ドルフィン・ドッグと呼ばれる犬が働いているのは、南島アカロアの「アカロア・ドルフィンズ」社。アカロアは南島最大の都市クライストチャーチから車で1時間30分ほど。2つの火山が侵食されて形成されたバンクス半島に位置する港町です。「海生哺乳類保護区」に指定されている沿岸の海域一帯にヘクターズ・ドルフィンが生息しており、観光の目玉として観察クルーズが行われています。
犬が働くクルーズ会社
ドルフィン・ウォッチング・クルーズを催行する会社は複数ありますが、「アカロア・ドルフィンズ」社のクルーズがユニークな点は、前述したドルフィン・ドッグがクルーの一員として乗船していることでしょう。10歳のベテラン、ミニチュアシュナウザーのバスターをはじめ、イングリッシュ・スプリンガー・スパニエルのアルビー、ジャック・ラッセル・テリアのバスター2世、2歳の若手クルーであるミニチュアシュナウザーのテオの4頭が現役で働いており、人間と同様にシフトを組んで勤務しています。また、オフィスではリタイアした17歳のオーストラリアン・ケルピーのジェットがゲストを出迎えることもあるそうです。
ドルフィン・ドッグの仕事とは?
ドルフィン・ドッグの主な仕事はクルーズ中にイルカの群れを見つけること。イルカ同士がコミュニケーションの手段として使うクリックやホイッスルなどの音を聞き、人間に教えてくれるのです。

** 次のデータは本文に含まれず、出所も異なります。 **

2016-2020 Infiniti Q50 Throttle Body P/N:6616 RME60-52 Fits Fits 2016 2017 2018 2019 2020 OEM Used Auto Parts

左上から時計回りに、バスター、アビー、ハンディキャップを抱えながらも元気な働き者のバスター2世、引退犬のジェット。
「アルビー、バスター2世、テオは3人のスキッパー(船長)それぞれの飼い犬で、バスターの飼い主は友人です。ドルフィン・ドッグになるために特別な訓練を受けたわけではなく、犬が本来持つ力を最大限に発揮して働いています」そう話すのはオーナーの1人であるジュリアさん。同社は約20年前に彼女の両親ヒューさん、ピップさん夫妻が立ち上げたもので、現在は夫妻の子供たち、ジュリアさんとジョージさんが中心となり、人間と犬のスタッフと力を合わせて運営しています。
犬の本能でイルカを探知
現役時代のジェットと初代ドルフィン・ドッグのヘクター。
最初のドルフィン・ドッグは、ヒューさんとピップさんの愛犬、ケアーン・テリアのヘクターだったそう。 彼らはヘクターをセーリングボートに乗せ、すぐにイルカの鳴き声が聞こえていることを発見したとか。ヘクターとイルカがボートの上と下で追いかけっこをして遊んでいることもあったといいます。「犬たちは教えなくてもイルカのサインを聞き分けることができます。難しかったのはイルカを見つけても吠えないようにすること。吠えるとイルカがびっくりしてしまいますから」
それぞれ気質や個性が異なる犬に合えることもこの船に乗る楽しみのひとつ。例えば4歳のアルビーは生後6カ月から船に乗っている頼もしいクルーですが、おっとりしたのんびりやさんで、船縁に腹ばいで寝転がり、頭を船先に出してイルカを眺めるのが好きだそうです。現在、ヘクターズ・ドルフィンの生息数はわずか7000頭と推測され、絶滅が危惧されています。同社は環境に配慮してクルーズを運航し、保護活動にも熱心に取り組んでいます。希少なイルカと賢い犬たちに合える「アカロア・ドルフィンズ」社のクルーズは通年催行されているので、機会があればぜひ体験してみてください。